Re: "As an experiment, lets consider the opposite view to see what value it might have. If we were to remove stored procs from the database entirely in any such large application, the code would become FAR more complex and far more difficult to modify. ANY database change would require searching thru large numbers of pages to make simple SQL statement changes. Only a developer would be able to make the changes and the code would need to be recompiled for every change. "
As a further experiment, let's look at a well-designed app that uses parameterized queries. Tossing out an example of some app that uses SQL coded directly into web pages is a straw man. Any decent app has not only confined SQL to the DAL (as others have mentioned), but organized the SQL into classes for ease of maintenance. For example, in our application, you add a field to the database and add it to the associated business object. That's it. The DAL knows how to load, save, and delete. The business object knows how to enforce business rules. And recompiling isn't a bad thing. You can catch a lot of errors that way! Hacking up a stored proc in a live database looks likes a recipe for disaster to me!
Re: "Egads, I wasn't talking about having actual logins for the users of an app. I was referring to the logins that web apps run under."
If all users run under the same database login (which is usual, in my experience) then you've lost whatever fine-grained control you may have gained by using SPs. Also, who in their right mind is even giving users access to the DB? You can't touch our DB. You can only run the application. You might get a read-only database login with access to a few tables/views for ad-hoc reporting ... if you ask real nice.

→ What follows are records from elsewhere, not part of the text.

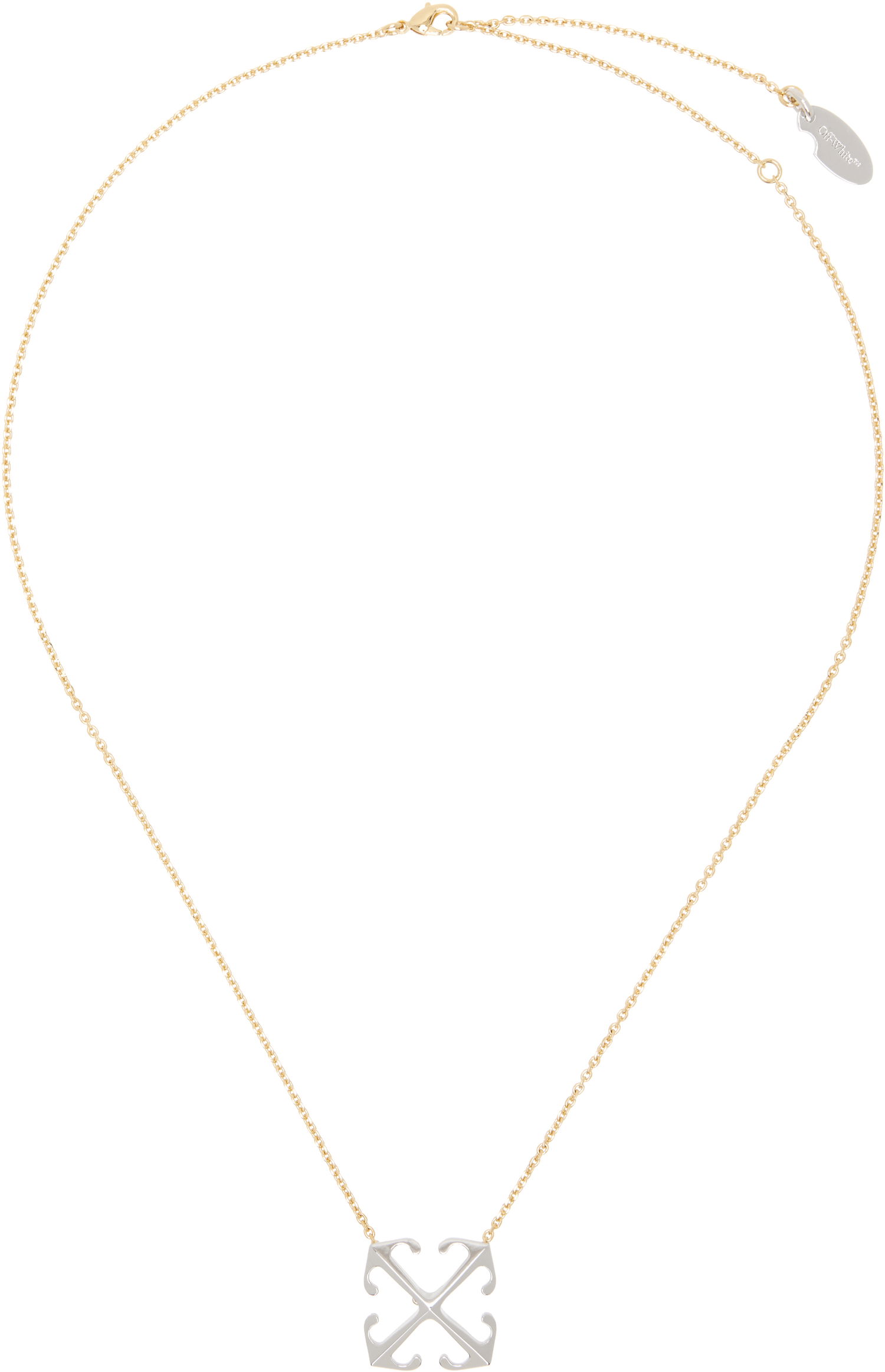 Náhrdelník Off-White Off-White Arrow Pendant Necklace Metalická | OWOB13OS25MET0017672, 0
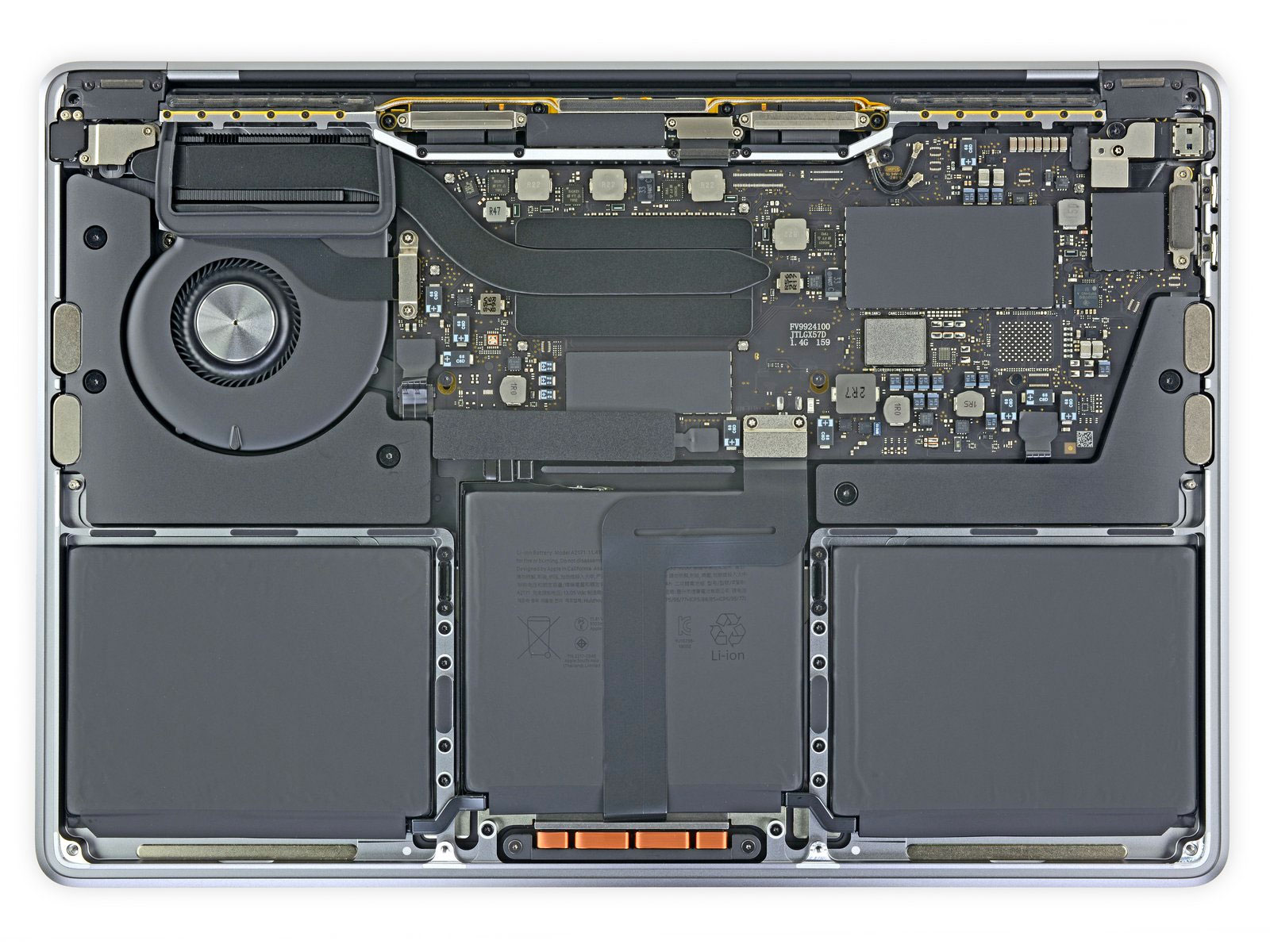MacBook Pro de 13 pulgadas del 2019 por dentro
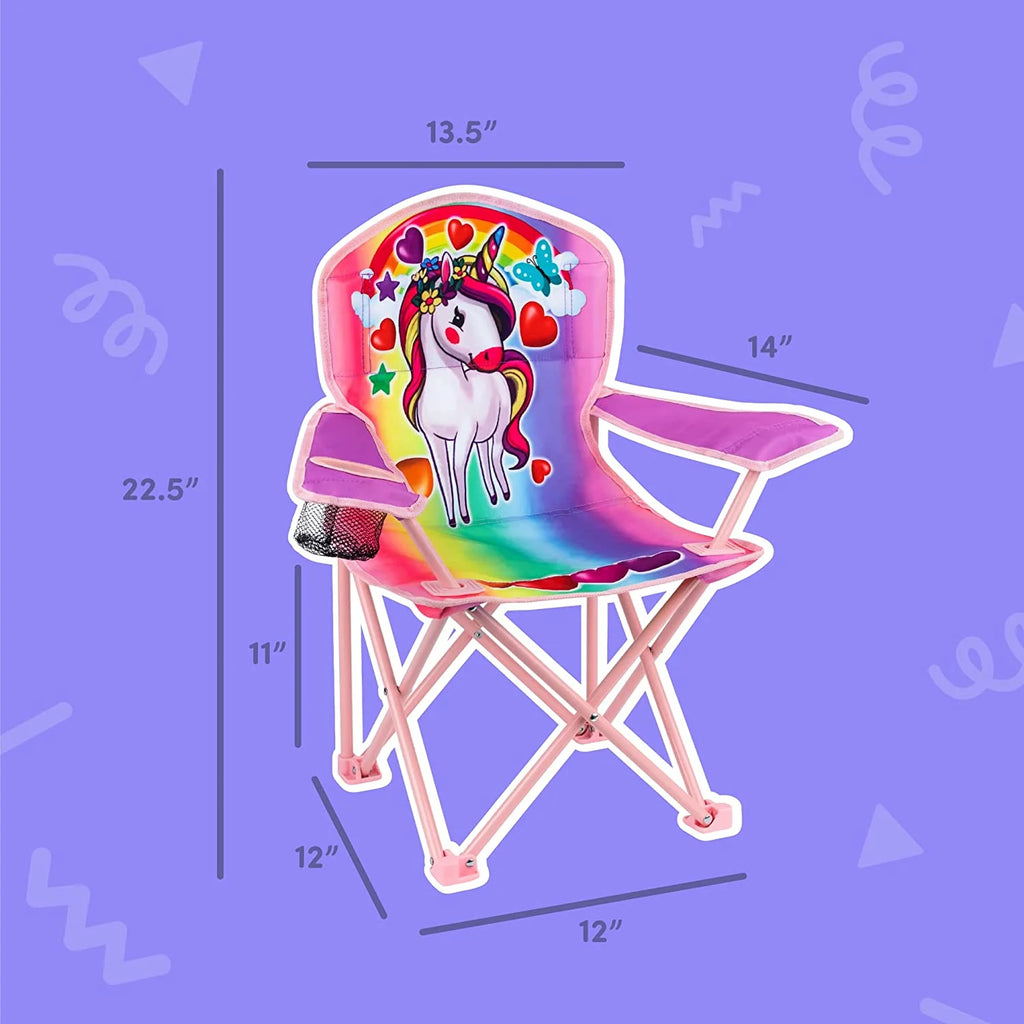 Unicorn Kids Foldable Chair with Carrying Bag J492832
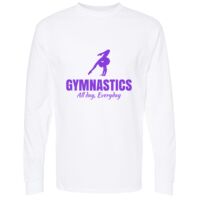 Unisex Gold Soft Touch Long Sleeve T-Shirt Thumbnail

Re: "Say you have a client application that issues a SQL Call. You’ve deployed it to 80 desktops. It worked fine for your first 40 users but as more users came online, it resulted in performance metrics that were problematic. You may get lucky and be able to solve the problem by adding an index, but what if the required change is really in the query itself? Maybe you are creating unanticipated locks and the query needs a NOLOCK hint. Then you have to deploy that change to the desktops. If the call were instead to a stored proc, you could optimize the SQL in that procedure and your client apps don’t know about it.
Sure, you could code up the same select statement into the ten applications that the database serves, but this strikes me as a poor reuse model as well as an opportunity to introduce defects 10 times as opposed to once."
Hmmm, I'm not buying the "do it to ease deployment issues" arguement. If you have 80 desktops, I hope you've already got a deployment methodology in place. I'm also tempted to throw in a snide remark about lack of load testing, but I do realize that bugs happen in the real world. However, I'm always cautious when people want to fix them in 5 minutes. How many "5 minute fixes" have turned into all-nighters when you broke more than you fixed?
As for 10 apps on one database, if they're sharing the data they're probably sharing some business logic as well. IMO, code-reuse goes in the application. You should be sharing business objects and a DAL, so you should still only have one change to make. Now versioning those changes among the 10 apps is another animal - one that SPs doesn't solve either.